The recognition of net loan origination fees and costs for the
September 2005 quarter decreased by approximately $1.0 million
compared to the June 2005 quarter, a result of the higher percentage
of wholesale loans sold in the September quarter than in the June
quarter. The decrease in recognized net loan origination fees and
costs was partially offset by a lower provision for representation,
warranty and other losses. The net gain on sale of loans for the
September 2005 quarter was 2.14%, compared to 1.14% for the June 2005
quarter. Based on current market conditions in the secondary market,
and the anticipated mix of the composition of loan sales in the fourth
quarter, the Company believes that the gross gain on sale rates earned
on whole loan sales during the fourth quarter of 2005 may be below the
gross gain on sale rate reported for the third quarter of 2005.
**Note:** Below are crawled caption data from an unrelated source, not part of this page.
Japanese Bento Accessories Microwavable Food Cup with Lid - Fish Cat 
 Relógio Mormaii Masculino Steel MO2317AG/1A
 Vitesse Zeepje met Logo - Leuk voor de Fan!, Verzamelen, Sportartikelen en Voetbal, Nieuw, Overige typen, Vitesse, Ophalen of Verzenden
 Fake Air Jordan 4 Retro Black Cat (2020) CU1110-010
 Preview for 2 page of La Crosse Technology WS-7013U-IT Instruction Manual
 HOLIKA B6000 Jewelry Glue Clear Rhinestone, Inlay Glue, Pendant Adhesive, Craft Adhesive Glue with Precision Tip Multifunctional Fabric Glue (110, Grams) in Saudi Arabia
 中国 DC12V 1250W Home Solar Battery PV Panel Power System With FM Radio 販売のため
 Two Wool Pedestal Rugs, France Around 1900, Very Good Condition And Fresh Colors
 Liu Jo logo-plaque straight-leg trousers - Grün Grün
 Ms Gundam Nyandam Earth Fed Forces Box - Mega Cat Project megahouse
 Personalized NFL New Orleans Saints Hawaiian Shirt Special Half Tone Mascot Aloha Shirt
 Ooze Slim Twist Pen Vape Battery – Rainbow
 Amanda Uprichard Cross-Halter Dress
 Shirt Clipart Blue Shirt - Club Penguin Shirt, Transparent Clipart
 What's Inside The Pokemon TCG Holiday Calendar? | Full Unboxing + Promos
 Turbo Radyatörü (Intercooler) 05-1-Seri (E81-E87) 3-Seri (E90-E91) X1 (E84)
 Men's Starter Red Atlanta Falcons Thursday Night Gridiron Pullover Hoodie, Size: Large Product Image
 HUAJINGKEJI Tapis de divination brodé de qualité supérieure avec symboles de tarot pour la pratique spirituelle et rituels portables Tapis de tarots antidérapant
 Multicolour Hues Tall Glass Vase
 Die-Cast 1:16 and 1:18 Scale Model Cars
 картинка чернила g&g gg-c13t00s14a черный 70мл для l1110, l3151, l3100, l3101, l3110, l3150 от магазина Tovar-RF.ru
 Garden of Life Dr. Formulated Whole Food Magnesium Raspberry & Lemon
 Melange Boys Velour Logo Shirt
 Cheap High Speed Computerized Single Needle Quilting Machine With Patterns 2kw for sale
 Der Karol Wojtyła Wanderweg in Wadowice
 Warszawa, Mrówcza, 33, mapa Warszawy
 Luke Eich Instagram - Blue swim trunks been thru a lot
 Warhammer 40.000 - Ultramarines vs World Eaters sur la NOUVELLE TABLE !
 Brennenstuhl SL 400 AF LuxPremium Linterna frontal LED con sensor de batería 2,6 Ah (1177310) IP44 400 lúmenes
Servicing revenue for the September 2005 quarter of $1.7 million
increased 26.1% from the June 2005 quarter and decreased 23.6% from
the prior year quarter. The decrease from the prior year reflects the
elimination of off-balance sheet securitizations on which the Company
earned contractual servicing fee income, as well as a decrease in
loans serviced for third parties. The Company anticipates that
servicing fee income in the next several quarters will remain
relatively stable to the levels earned in the third quarter of 2005.
Noninterest Expense
The following table details the components of noninterest expense
for the quarters ended September and June 2005 and September 2004.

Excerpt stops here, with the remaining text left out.